Contro tutti loro si sta scagliando la rabbia dei libanesi che ormai da anni devono fare i conti con un rapido deterioramento del potere d’acquisto, servizi scadenti e sempre più costosi, disoccupazione dilagante, una più recente carenza di dollari (la moneta che affianca la lira libanese). La piazza è colorata dalle bandiere libanesi, solo quelle: la parola d’ordine dei manifestanti è unità.

NON VOGLIONO CADERE nel giogo del settarismo che è alla base del sistema politico libanese. I simboli delle appartenenze politiche, che coincidono con le comunità religiose, sono bandite. «Non ha importanza quale che sia la fede religiosa o la comunità di appartenenza, siamo uniti nella crisi economica e nella speranza di un cambiamento – dice una ragazza – Ho più di trent’anni ed è la prima volta che sento di appartenere a questo paese. So che questa protesta probabilmente non porterà alla fine repentina di questa classe dirigente, ma stiamo cambiando qualcosa e forse ci avvieremo sulla strada di un cambiamento più radicale».

La caduta del governo e un esecutivo tecnico che transiti il paese verso elezioni anticipate, nonché la restituzione del maltolto ai cittadini, sono alcune delle richieste di una raccolta di firme in un banchetto a piazza dei Martiri, dove musica e slogan rimbombano come in una grande festa cui partecipano tutti: famiglie con bambini, anziani, tantissimi giovani, artisti che improvvisano spettacoli. Si distribuiscono bottiglie d’acqua, ci sono banchetti di cibo e bibite, gruppetti seduti a fumare il narghile. Ma l’aria festosa della protesta non deve ingannare, perché dietro i balli e i canti ci sono rabbia e disperazione.

«Sono trent’anni che fanno sempre le stesse promesse e nulla è cambiato – dice Ahmad, 39 anni, precario – Dobbiamo resistere almeno una settimana, dobbiamo fargli sentire il fiato sul collo. Venerdì hanno cercato di farci desistere con la forza, ma il giorno dopo siamo tornati più numerosi e ieri (domenica) eravamo tantissimi, forse un milione. Non vogliamo violenza, non cerchiamo scontri, vogliamo protestare. Vogliamo finalmente essere liberi di parlare e che la smettano di derubarci in questo modo sfacciato».

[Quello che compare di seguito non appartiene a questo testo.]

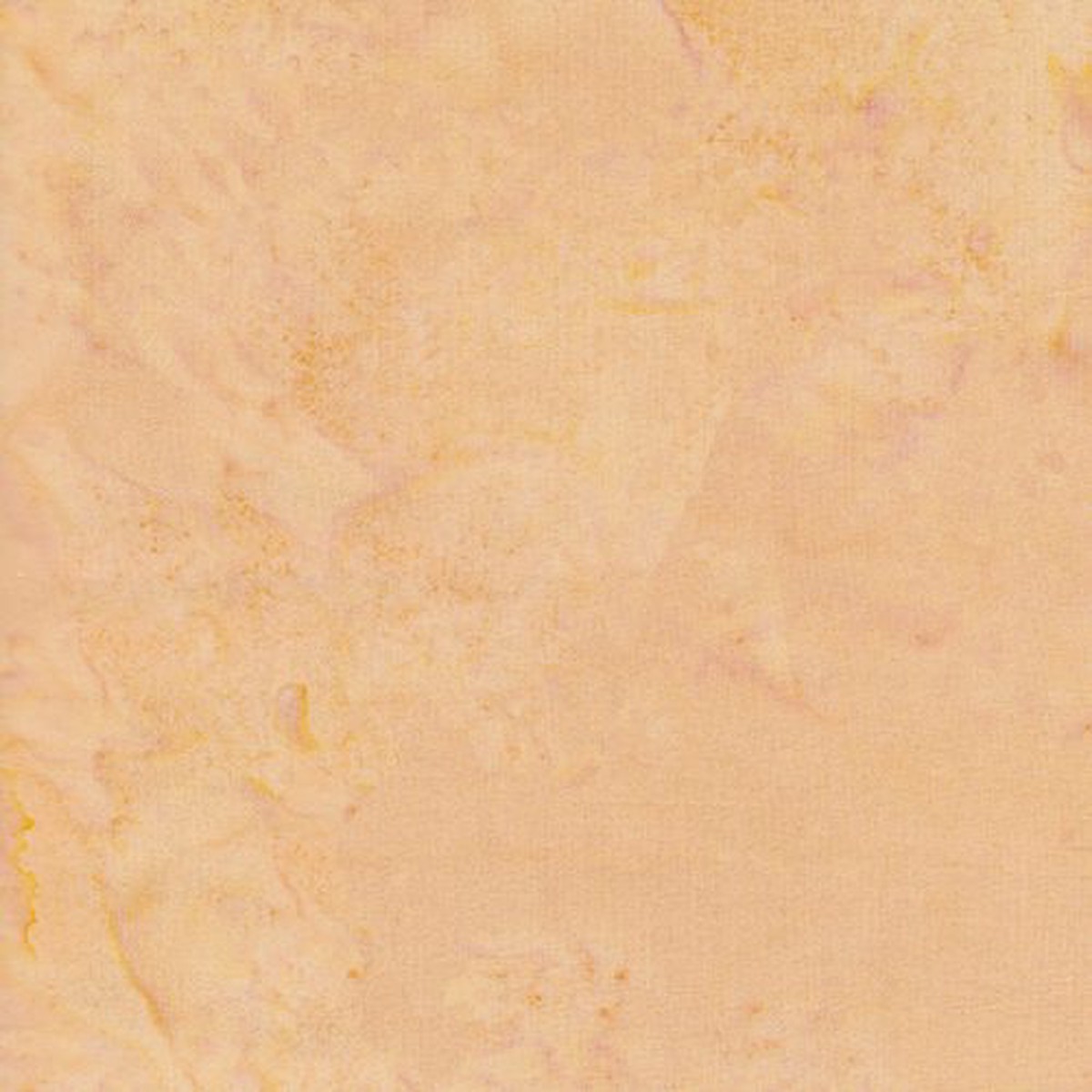 opulent-oranges-cantaloupe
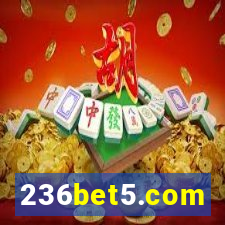 236bet5.com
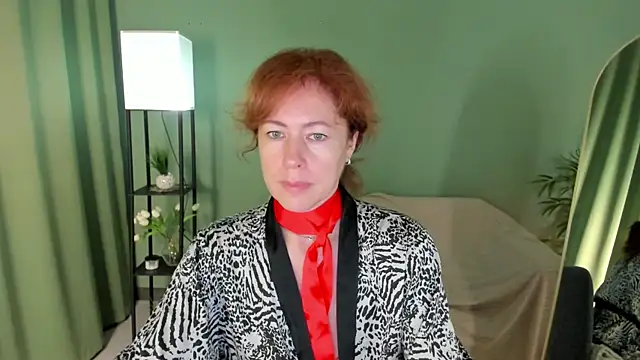 LeticiaRomanon Live XXX chat
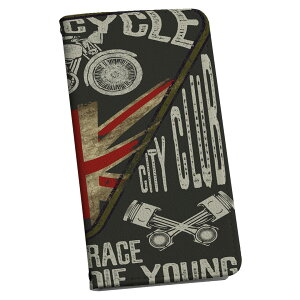 ZenFone Go ZB551KL simfree SIMt[ 蒠^ X}z Jo[ U[ P[X 蒠^Cv tbv _CA[ ܂ v 013776 p@oCN@S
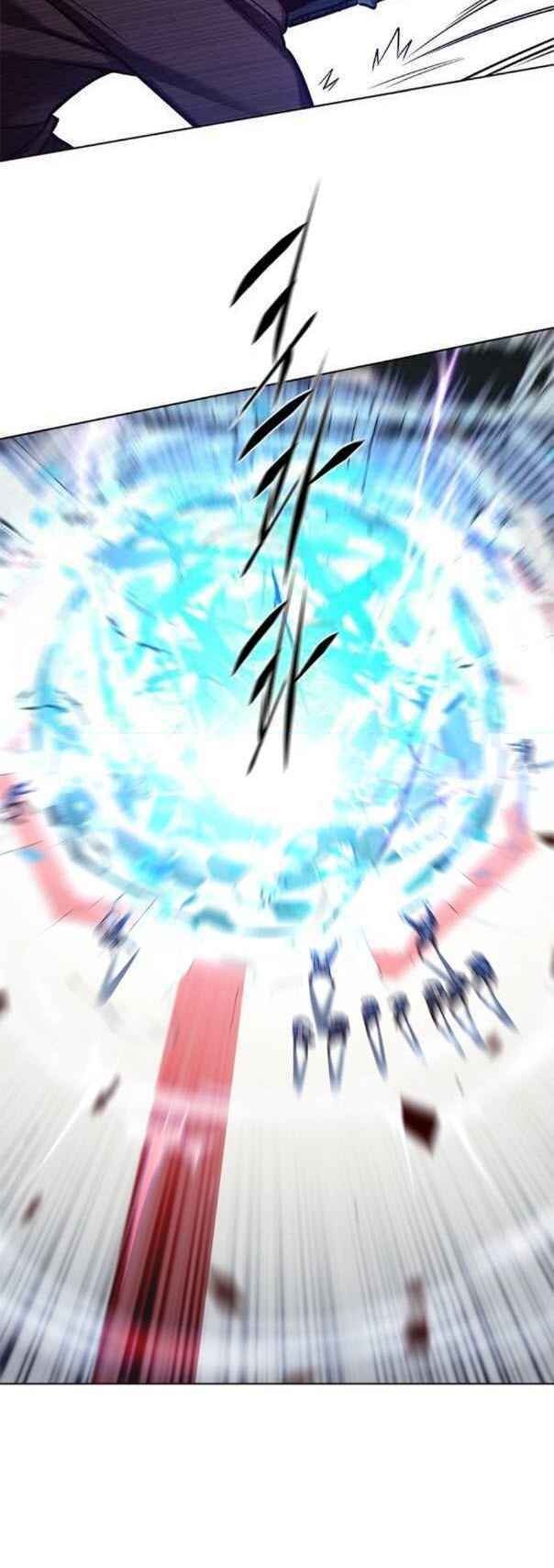 Tôi Chỉ Biết Làm Phim Dở Thôi Chapter 151 - Trang 2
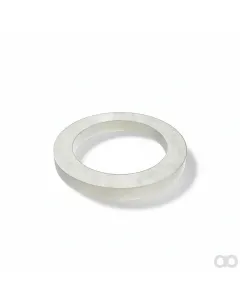 John Deere - 24M3756 - Round Hole Washer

IL MALCONTENTO è trasversale a tutta la società libanese. La corruzione si è manifestata in modo tanto plateale e arrogante da creare una frattura tra la gente, soprattutto le giovani generazioni, e il partito/movimento politico che rappresenta la comunità religiosa di appartenenza.

Un’appartenenza che ha garantito lavoro, casa, benefici e ora non riesce più a farlo come una volta. La misura è colma: se le ruberie sono state tollerate a fronte di benefici, adesso che il paese rischia il default la tolleranza è finita.

Per la piazza che grida «rivoluzione» sono tutti uguali e per molti la rivoluzione è anche la fine del settarismo. Una strada lunga e difficile e, mentre a Riad el Sohl e a piazza dei Martiri i libanesi protestavano pacificamente, altri libanesi ieri sera hanno cercato di entrare nelle piazze sventolando bandiere di Amal ed Hezbollah, con l’intenzione di fermare con la forza le manifestazione. L’esercito libanese li ha bloccati, ma la tensione è calata su una protesta che si sta ancora organizzando.